Un cours de bourse qui donne le tournis
Grâce à l’envolée de son cours de bourse, Tesla a pu procéder à d’importantes levées de capitaux d’un montant de 12 milliards de dollars (l’équivalent du poids boursier de Renault). Ces fonds lui ont permis de mener à bien ses projets de développement, notamment la construction d’une usine en Chine (livraison de premiers véhicules moins d’un an après l’inauguration), et ainsi d’accroître à la fois ses ventes et ses parts de marché.
Des points d’attention en vue ?
- Les profits engrangés par Tesla en 2020 ne sont pas uniquement liés à la vente de véhicules. La société a profité du système de revente de crédits carbone pour faire des bénéfices, en revendant à des constructeurs traditionnels émetteurs de CO2 son excédent de crédits puisque non polluante.
- La concurrence s'aiguise, notamment en Chine où certains constructeurs de véhicules électriques présentent de sérieux atouts (gamme, prix) et mènent des politiques commerciales agressives.
- De nouveaux entrants arrivent sur le marché : les constructeurs traditionnels comme Daimler ou General Motors mais aussi Apple qui envisage de lancer son Apple Car dotée d’une nouvelle technologie de batterie.
- Comme de nombreux constructeurs aujourd’hui, Tesla souffre de la pénurie de semi-conducteurs et pourrait voir sa production fortement impactée au cours des prochaines années.

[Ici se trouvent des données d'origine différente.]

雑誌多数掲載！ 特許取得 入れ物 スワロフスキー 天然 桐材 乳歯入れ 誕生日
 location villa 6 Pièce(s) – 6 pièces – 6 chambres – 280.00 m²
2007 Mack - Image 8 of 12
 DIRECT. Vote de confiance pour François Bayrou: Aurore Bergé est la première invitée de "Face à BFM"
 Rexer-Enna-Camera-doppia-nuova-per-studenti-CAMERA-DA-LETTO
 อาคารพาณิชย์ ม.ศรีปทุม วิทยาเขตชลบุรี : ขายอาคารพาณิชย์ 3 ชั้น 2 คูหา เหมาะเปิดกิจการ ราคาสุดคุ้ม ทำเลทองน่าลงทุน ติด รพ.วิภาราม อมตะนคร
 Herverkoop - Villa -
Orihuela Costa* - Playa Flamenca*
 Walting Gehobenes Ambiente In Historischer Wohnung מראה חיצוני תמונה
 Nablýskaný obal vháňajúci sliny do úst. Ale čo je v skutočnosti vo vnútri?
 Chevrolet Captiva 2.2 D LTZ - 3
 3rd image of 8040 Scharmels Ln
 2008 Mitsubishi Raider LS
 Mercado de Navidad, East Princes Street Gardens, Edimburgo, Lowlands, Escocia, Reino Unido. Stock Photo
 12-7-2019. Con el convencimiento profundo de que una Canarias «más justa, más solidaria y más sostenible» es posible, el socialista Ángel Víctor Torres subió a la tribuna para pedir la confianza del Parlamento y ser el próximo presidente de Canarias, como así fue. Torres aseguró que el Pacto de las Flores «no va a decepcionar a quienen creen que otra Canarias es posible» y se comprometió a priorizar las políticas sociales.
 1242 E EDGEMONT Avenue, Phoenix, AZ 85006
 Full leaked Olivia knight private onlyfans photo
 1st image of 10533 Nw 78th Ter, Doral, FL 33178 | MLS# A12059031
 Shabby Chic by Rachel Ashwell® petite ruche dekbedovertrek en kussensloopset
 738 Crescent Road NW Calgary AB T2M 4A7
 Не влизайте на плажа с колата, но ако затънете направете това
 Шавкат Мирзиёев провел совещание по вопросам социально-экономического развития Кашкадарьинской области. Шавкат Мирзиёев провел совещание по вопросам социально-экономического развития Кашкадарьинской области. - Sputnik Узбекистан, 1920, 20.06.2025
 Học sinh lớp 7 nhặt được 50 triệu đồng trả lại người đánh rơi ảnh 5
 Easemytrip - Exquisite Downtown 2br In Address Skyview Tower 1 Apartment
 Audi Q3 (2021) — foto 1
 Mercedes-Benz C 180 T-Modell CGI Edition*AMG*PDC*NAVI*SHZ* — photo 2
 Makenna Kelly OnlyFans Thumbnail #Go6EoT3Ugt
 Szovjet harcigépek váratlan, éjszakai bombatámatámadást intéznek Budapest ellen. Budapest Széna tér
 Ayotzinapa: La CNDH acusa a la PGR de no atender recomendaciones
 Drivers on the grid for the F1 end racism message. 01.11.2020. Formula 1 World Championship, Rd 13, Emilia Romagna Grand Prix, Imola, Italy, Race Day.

L’engouement des investisseurs
Dans la conjoncture économique actuelle, le gagnant emporte tout (phénomène du « The winner takes all ») et les entreprises qui prennent l’avantage sur leurs concurrents deviennent rapidement des « monopoles ». Sur le marché de l’automobile, si quelques constructeurs prenaient des parts de marchés très importantes, leur valorisation s’en trouverait favorisée.
Investir dans Tesla comporte un niveau de risque important qui a toutefois beaucoup diminué au cours des dernières années. Il y a 5 ans, un pari boursier sur Tesla avait une chance sur cent d’être gagné. Aujourd’hui, il a une chance sur dix d’être remporté en s’octroyant des parts dans un marché en très forte croissance sur lequel Tesla devance ses concurrents et pourrait donc se voir fortement valorisé.
Les marchés anticipent une formidable croissance de Tesla sur le long terme, raison pour laquelle le prix de l’action est élevé... il n’en reste pas moins que sur la base de critères « classiques » d’évaluation, l’action Tesla paraît élevée dans une optique à court-terme.